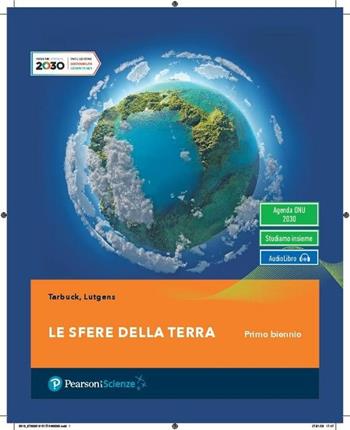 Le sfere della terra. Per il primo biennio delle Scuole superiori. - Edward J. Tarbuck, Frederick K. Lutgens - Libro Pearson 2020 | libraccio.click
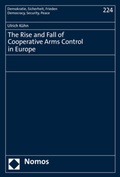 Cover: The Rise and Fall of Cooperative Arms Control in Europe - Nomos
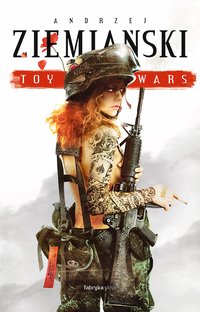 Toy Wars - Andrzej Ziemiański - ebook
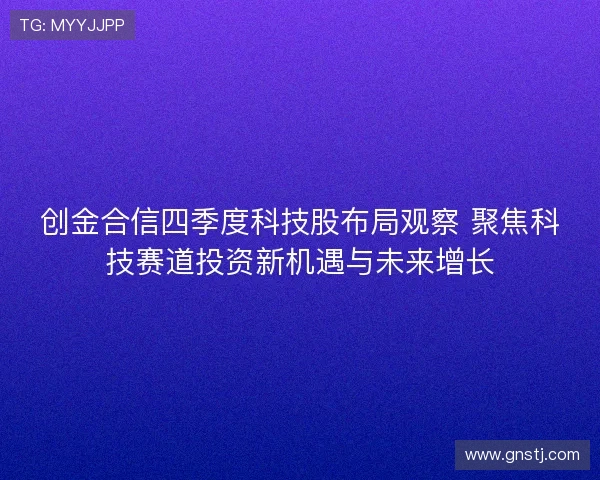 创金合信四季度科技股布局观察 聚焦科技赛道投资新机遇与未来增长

==

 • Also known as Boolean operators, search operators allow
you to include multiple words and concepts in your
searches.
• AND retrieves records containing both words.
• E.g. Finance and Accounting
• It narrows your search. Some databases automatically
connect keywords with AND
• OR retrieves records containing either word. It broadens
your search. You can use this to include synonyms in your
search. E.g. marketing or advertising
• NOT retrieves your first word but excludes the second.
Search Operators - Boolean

==

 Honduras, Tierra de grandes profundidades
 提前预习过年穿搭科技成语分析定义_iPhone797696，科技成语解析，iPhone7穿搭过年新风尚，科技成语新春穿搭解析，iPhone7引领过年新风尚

◆ **What this task involves**
Return each line from the material that includes the string "records".

◆ **Result**
• AND retrieves records containing both words.
• OR retrieves records containing either word. It broadens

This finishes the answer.